CASTELLAMONTE - A nome della minoranza di Castellamonte, il consigliere Giovanni Maddio, nei giorni scorsi, prima ancora della convocazione della conferenza dei servizi della Città metropolitana (che in tempi di coronavirus si terrà a distanza), ha inviato una relazione dettagliata sulla situazione della discarica di Vespia al presidente della Regione Piemonte, Alberto Cirio. Per Maddio l'amministrazione sta gestendo la situazione in maniera «superficiale e poco congrua». Il riferimento va soprattutto alla questione del post mortem. Argomento di cui si è discusso anche nel corso dell'ultimo consiglio comunale. 

«È evidente che una produzione di percolato molto più elevata di quanto previsto nel piano finanziario comporta extra costi non solo in fase attiva ma anche in frase passiva con la conseguenza che i fondi di accantonamento sono diventati insufficienti - spiega l'ex vicesindaco della città - occorre considerare che il peso specifico dei rifiuti smaltiti in discarica è inferiore a quello dei rifiuti urbani sulla base dei quali erano stati preventivati gli accantonamenti. Ne deriva un minor quantitativo di rifiuti smaltiti e dunque un minor accantonamento di fondi. Tutte le opere di sistemazione comportano incrementi di costo che non sono coperti dai fondi attualmente in accantonamento». I gestori di Vespia, la «Agrigarden Ambiente» propone di coprire gli extra costi con lo smaltimento di ulteriore 125000 metri cubi di rifiuti corrispondenti a circa 93.750 tonnellate da smaltire in circa un anno e mezzo. 

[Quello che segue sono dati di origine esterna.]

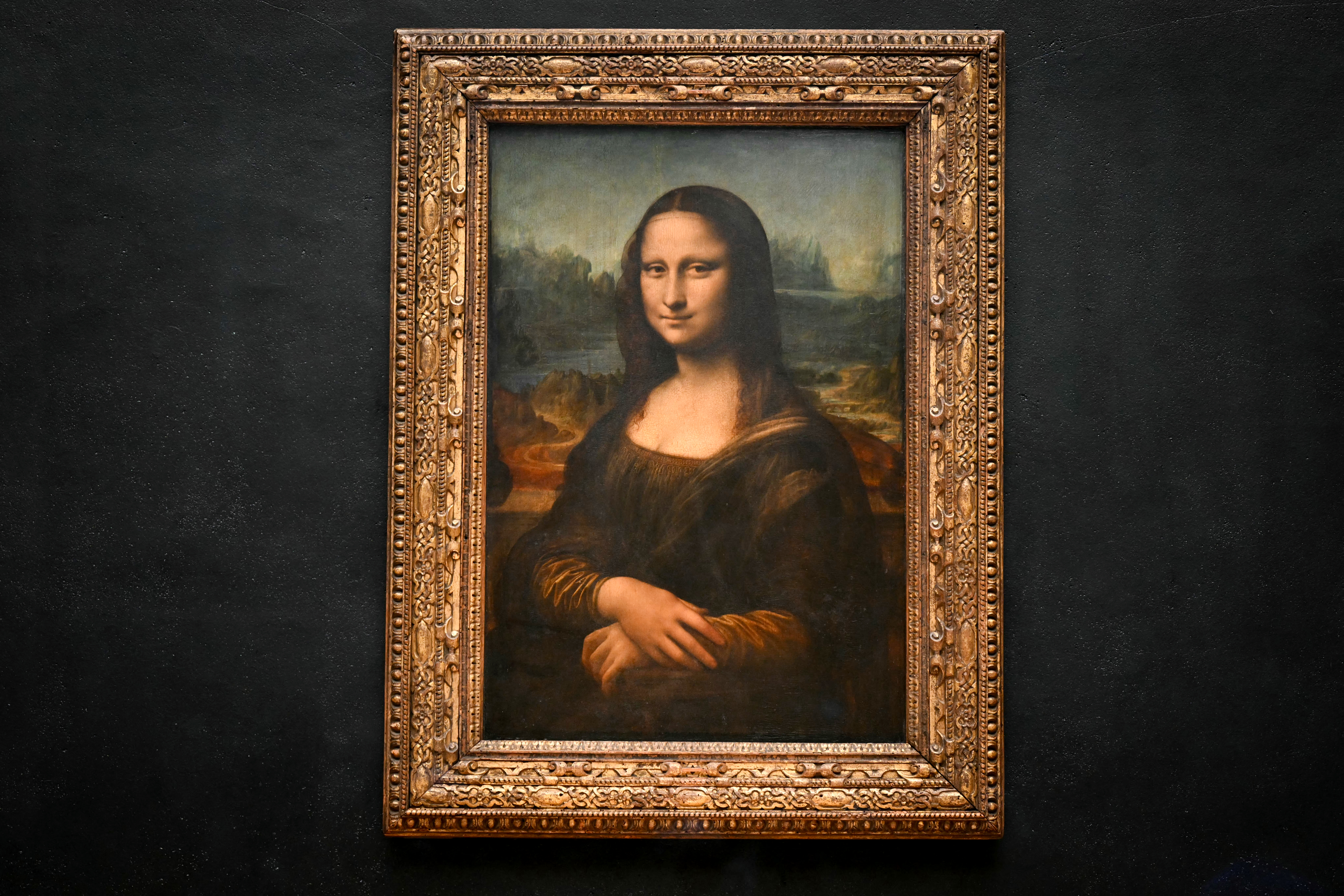 Mona Lisa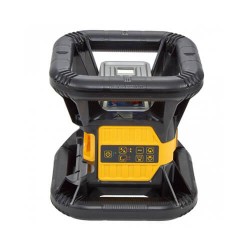 Нивелир лазерный ротационный DeWALT DCE079D1R (DCE079D1R)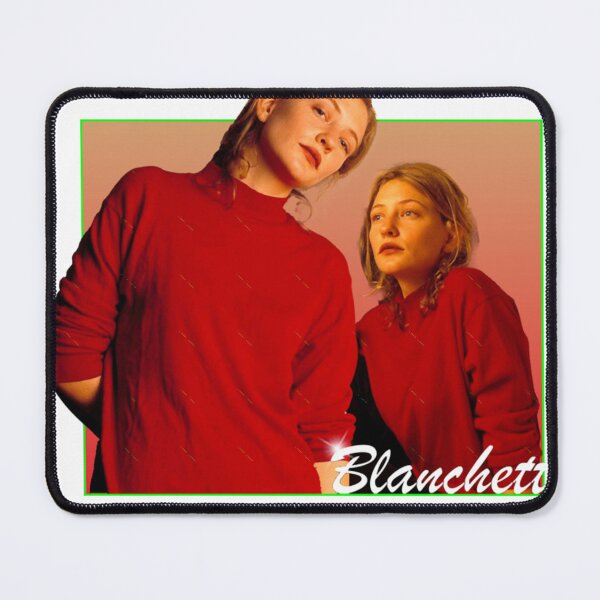 Item preview, Cate Blanchett Retro Pop Tribute designed and sold by KelvinReed.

«La maggioranza consiliare ritiene che tali costi possano essere risolti attraverso la collaborazione tra gli enti che ne hanno titolo evitando il deposito di ulteriori rifiuti. Se quest'ultima strade è percorribile è necessario al più presto individuare le fonti di finanziamento e gli strumenti tecnici economici ed amministrativi per progettare e realizzare gli indispensabili interventi di messa in sicurezza e garantire alla discarica una configurazione stabile e sicura nel tempo. Se invece, come temiamo, si tratta solo di un tentativo di nascondere la testa sotto la sabbia, per l'incapacità di affrontare di petto i problemi, allora è necessario che si attivi un confronto con gli enti competenti, ma anche e soprattutto con il gestore, al fine di individuare una soluzione di compromesso che porti ad una corretta risoluzione delle problematiche tecniche ed ambientali. Purtroppo - conclude Maddio nella relazione inviata a Cirio - siamo persuasi che gli enti superiori invocati dal sindaco declineranno la loro competenza ad intervenire».